ELECTIONS ARE COMING: Dislike of Trump May Not Drive Voters to Democrats By John Fund
Last week, political analyst Larry Sabato found 211 House seats at least leaning to the Republicans, 198 at least leaning to the Democrats, and 26 toss-ups. If the toss-ups break evenly, Democrats would gain 17 seats, but the GOP would still have a 224-to-211 House majority. What has changed to give Republicans a better-than-fighting chance to hold on?
One explanation is the economy, which may improve President Trump’s approval ratings and affect how voters plan to vote in November. In June 2016, only 32 percent of Americans rated the economy as “good” or “excellent.” Today 62 percent do. The growth rate for President Obama’s last year in office was only 1.6 percent; growth projections for the second quarter of 2018 are north of 4 percent. The stock market is up 25 percent since Trump’s inauguration. Midterm elections that have occurred in a cycle featuring clear economic growth, such as those in 1998 and 1978, have seen the party that occupies the White House doing much better than in years when the economy was struggling.
Nonetheless, President Trump’s drama-prone leadership seems to be contributing to his less-than-stellar polling numbers, which are still upside down. But his favorability ratings have improved. His job approval was only 37 percent in December. The average of polls monitored by RealClearPolitics now has him at just under 43 percent approval, his highest in more than a year. Along with that improvement, Republicans now are only about five to seven points behind in polls that ask voters which party they want to control Congress. That is significantly below the 12.5 percentage point lead that Democrats had in June 2006, the last year they took back control of the House.
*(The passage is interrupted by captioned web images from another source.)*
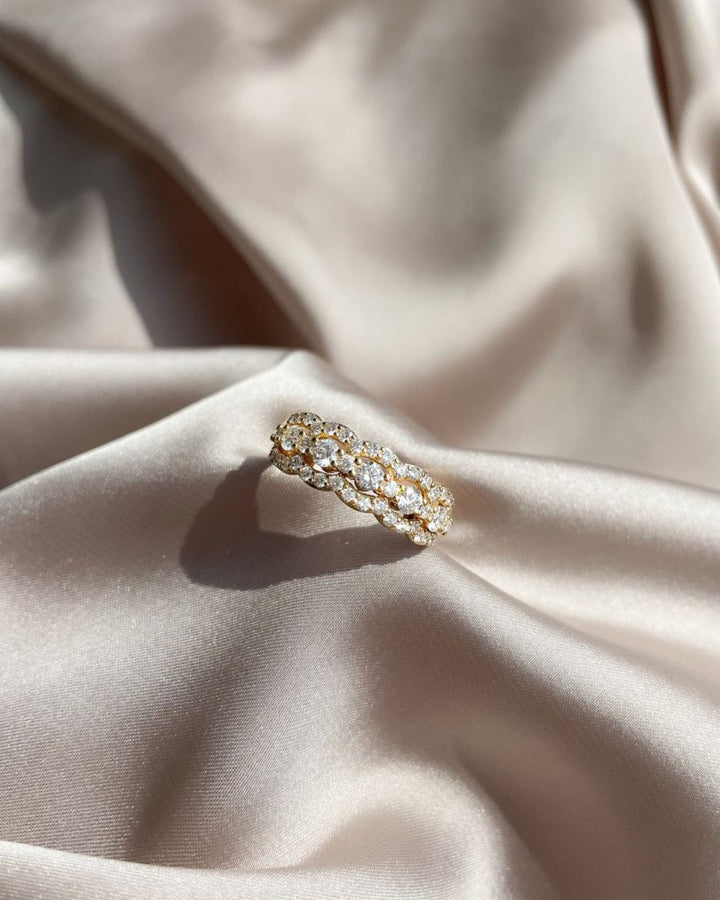 Romantic 14kt Yellow Gold Diamond Ring with Wavy Design 1.00 crt.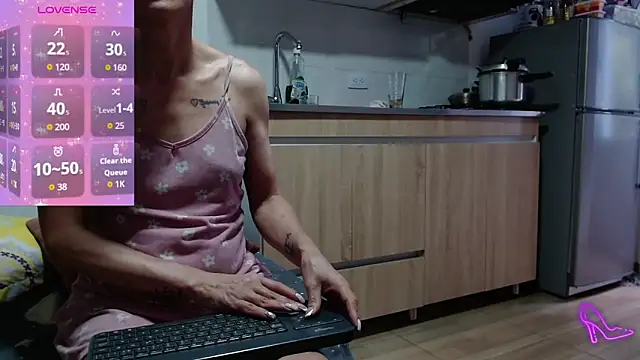 AllysonStonne online show from April 10, 9:30 pm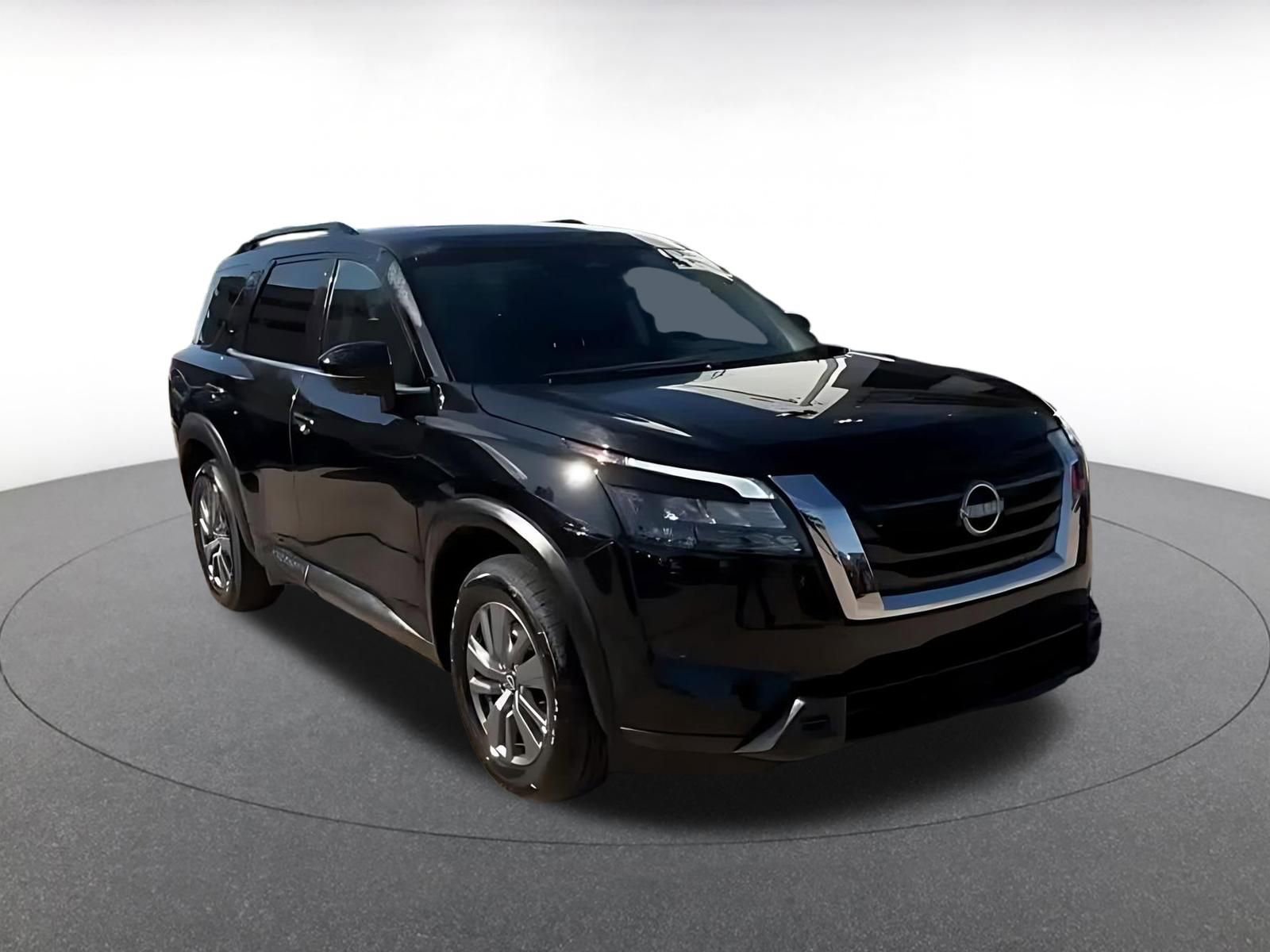 Used 2025 Nissan Pathfinder SV image 3
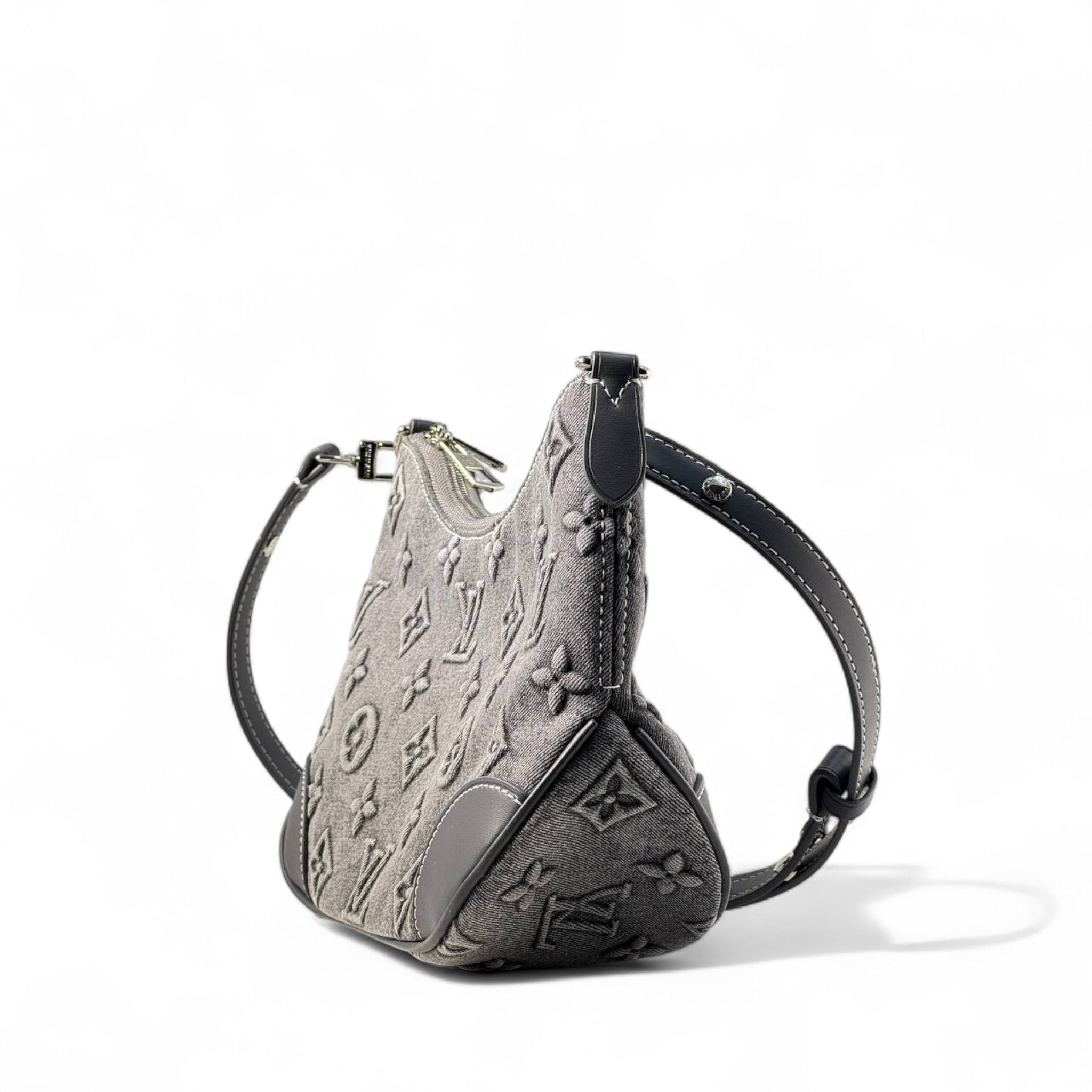 Louis Vuitton Loop Bag – Grey Monogram Denim with Leather Trim 🖤🧵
MIT political-science professor Charles Stewart, an expert on election data, recently told Vox:
To capture the House, Democrats would have to see the biggest election swing [from presidential election to the next midterm election] in their favor in the entire post–World War II era. And, even then, they would only have a 50–50 chance of taking the House.
I believe a big obstacle they have is that while many people don’t like President Trump, that doesn’t mean they want to reward increasingly left-leaning Democrats at the polls in November. Ron Brownstein of CNN pointed out that in the latest Quinnipiac Poll, 53 percent of college-educated whites disapprove of Trump, but only 47 percent say they plan to vote Democratic in House races. This is “a continuing gap that bears watching,” he tweeted. “Other recent polls also find that gap.”
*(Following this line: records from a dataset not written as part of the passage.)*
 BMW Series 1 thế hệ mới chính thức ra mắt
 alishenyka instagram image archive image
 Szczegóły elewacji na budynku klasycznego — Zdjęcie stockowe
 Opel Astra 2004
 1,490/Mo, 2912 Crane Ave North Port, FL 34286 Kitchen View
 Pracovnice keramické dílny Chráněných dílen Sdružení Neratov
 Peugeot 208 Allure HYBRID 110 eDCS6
One explanation of the gap is that some voters don’t want to return to the big-government economic policies of the slow-growth Obama years just because they dislike Trump. Why would someone cut off their nose to spite their face?
For now, Republicans can look forward to a climate in which the economy continues to pick up steam and the public is increasingly bored or unaffected by the Mueller probe.
Of course, surprises are almost a daily occurrence in the Trump administration, and a series of nasty ones could shake up the current situation and again give Democrats a clear advantage. Trump’s trade wars could spook investor and business confidence and lead to economic uncertainty. The probe by Special Counsel Robert Mueller could unearth major developments and lead to surprising indictments.
But for now, Republicans can look forward to a climate in which the economy continues to pick up steam and the public is increasingly bored or unaffected by the Mueller probe. Democrats have put all of their chips on mounting “resistance” to President Trump. They may find, however, that they should have spent the months after their stunning 2016 election loss in retooling their party so that it offered an updated, positive message rather than merely the sour rhetoric of an angry #Resistance movement.
By responding to Trump’s provocations and baiting with overheated anger and epithets of their own, Democrats may have turned off just enough voters to keep Republicans in control of both houses of Congress.